对网络层应用 equal_lr 后,会注册一个钩子,该钩子对网络层的权重做了一个缩放的操作。

The equalized learning rate involves:

  1. Initializing all weights (linear and conv) from regular normal distribution, no fancy init
  2. Scaling all weights by the per-layer normalization constant from the Kaiming He initialization.

From: https://github.com/lucidrains/stylegan2-pytorch/issues/112#issuecomment-675204245

注意,下面某人评论:On my experience, equalized learning rate is incredibly important for high resolution training (256 and above).

要注意,这里对权重进行了自定义的初始化,因此不要二次使用别的方式进行初始化。

参考:

  1. https://github.com/lucidrains/stylegan2-pytorch/issues/112
  2. https://samaelchen.github.io/pytorch-pggan/

FusedUpsample & FusedDownsample

class FusedUpsample(nn.Module):
    def __init__(self, in_channel, out_channel, kernel_size, padding=0):
        super().__init__()

        weight = torch.randn(in_channel, out_channel, kernel_size, kernel_size)
        bias = torch.zeros(out_channel)

        fan_in = in_channel * kernel_size * kernel_size
        self.multiplier = sqrt(2 / fan_in)

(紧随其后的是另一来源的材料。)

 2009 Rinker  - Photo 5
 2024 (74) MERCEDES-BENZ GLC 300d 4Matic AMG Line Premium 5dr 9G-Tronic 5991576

        self.weight = nn.Parameter(weight)
        self.bias = nn.Parameter(bias)

        self.pad = padding

    def forward(self, input):
        weight = F.pad(self.weight * self.multiplier, [1, 1, 1, 1])
        weight = (
            weight[:, :, 1:, 1:]
            + weight[:, :, :-1, 1:]
            + weight[:, :, 1:, :-1]
            + weight[:, :, :-1, :-1]
        ) / 4

        out = F.conv_transpose2d(input, weight, self.bias, stride=2, padding=self.pad)

        return out


class FusedDownsample(nn.Module):
    def __init__(self, in_channel, out_channel, kernel_size, padding=0):
        super().__init__()

        weight = torch.randn(out_channel, in_channel, kernel_size, kernel_size)
        bias = torch.zeros(out_channel)

        fan_in = in_channel * kernel_size * kernel_size
        self.multiplier = sqrt(2 / fan_in)

        self.weight = nn.Parameter(weight)
        self.bias = nn.Parameter(bias)

        self.pad = padding

    def forward(self, input):
        weight = F.pad(self.weight * self.multiplier, [1, 1, 1, 1])
        weight = (
            weight[:, :, 1:, 1:]
            + weight[:, :, :-1, 1:]
            + weight[:, :, 1:, :-1]
            + weight[:, :, :-1, :-1]
        ) / 4

        out = F.conv2d(input, weight, self.bias, stride=2, padding=self.pad)

        return out

其中上采样是通过反卷积实现的:F.conv_transpose2d(input, weight, self.bias, stride=2, padding=self.pad), 下采样则是通过普通的卷积实现的:out = F.conv2d(input, weight, self.bias, stride=2, padding=self.pad)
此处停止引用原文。